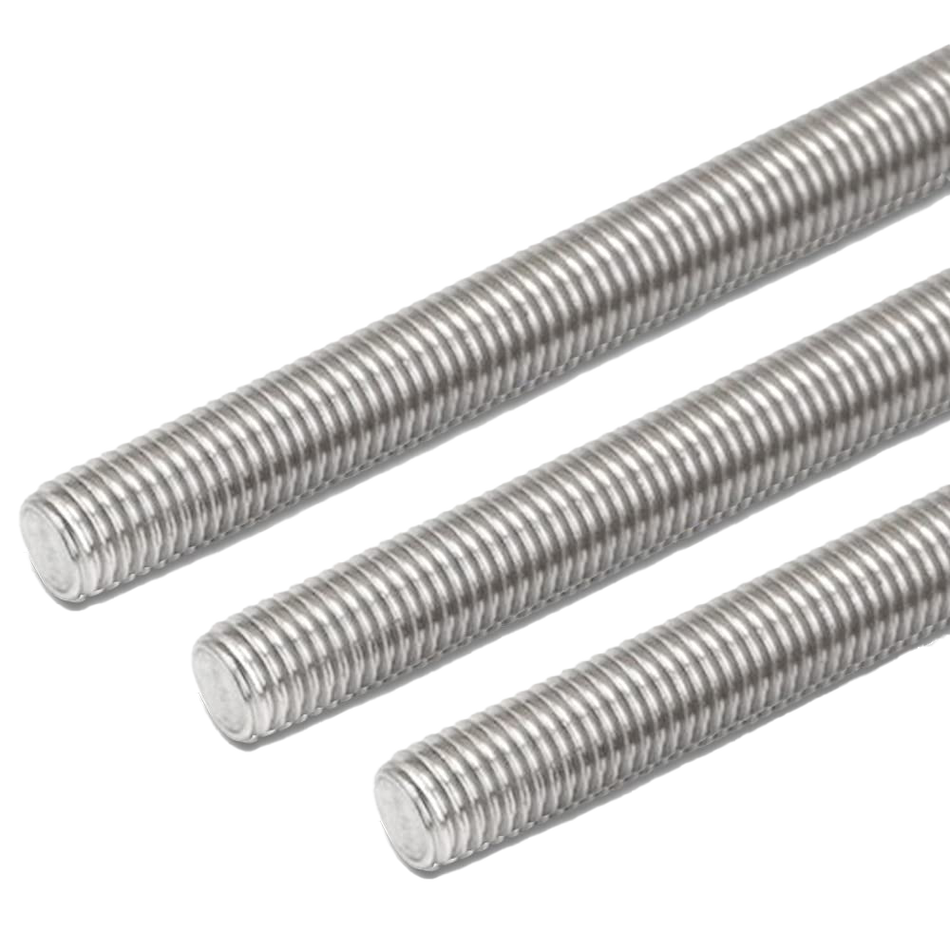 Threaded Rod - Zinc Plated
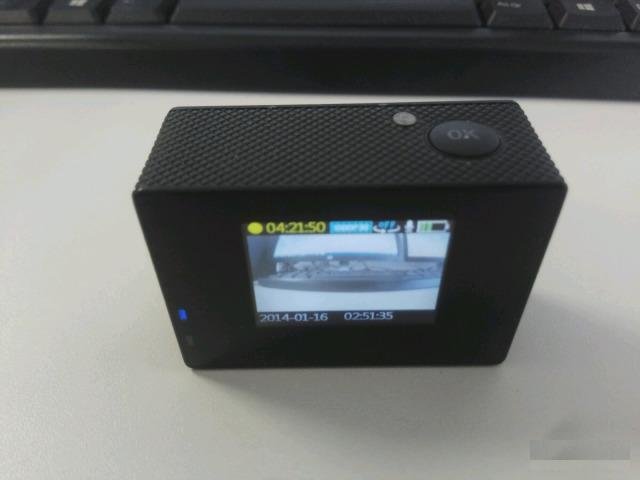 Sjcam sj4000 wifi original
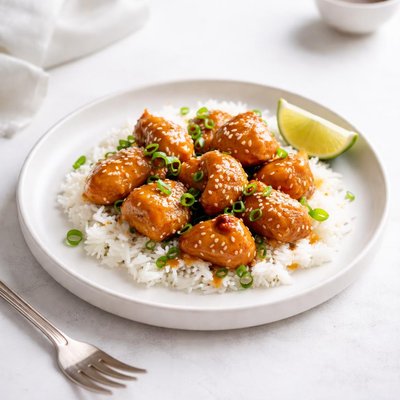 Image of Quick Easy Honey Chicken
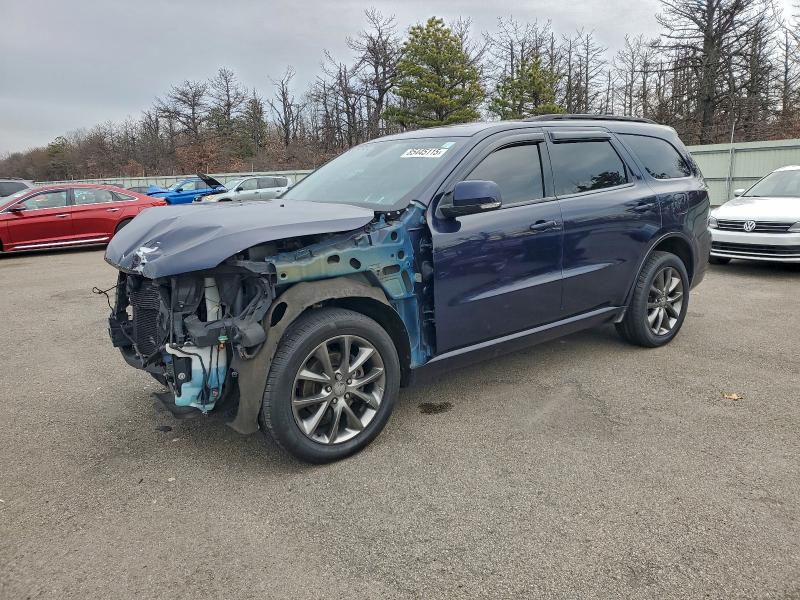2017 DODGE DURANGO GT #3311624240
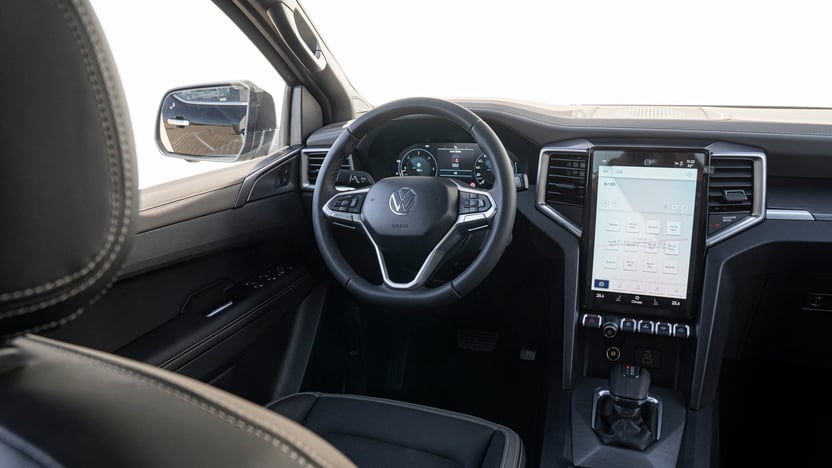 Obrázok Amarok Aventura AT 3.0 TDI 4M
# # # #
> Task details
Leaving pictures aside, write out each record above exactly as given.

> Answer section
 Threaded Rod - Zinc Plated
 Sjcam sj4000 wifi original
 Image of Quick Easy Honey Chicken
2017 DODGE DURANGO GT #3311624240
 Obrázok Amarok Aventura AT 3.0 TDI 4M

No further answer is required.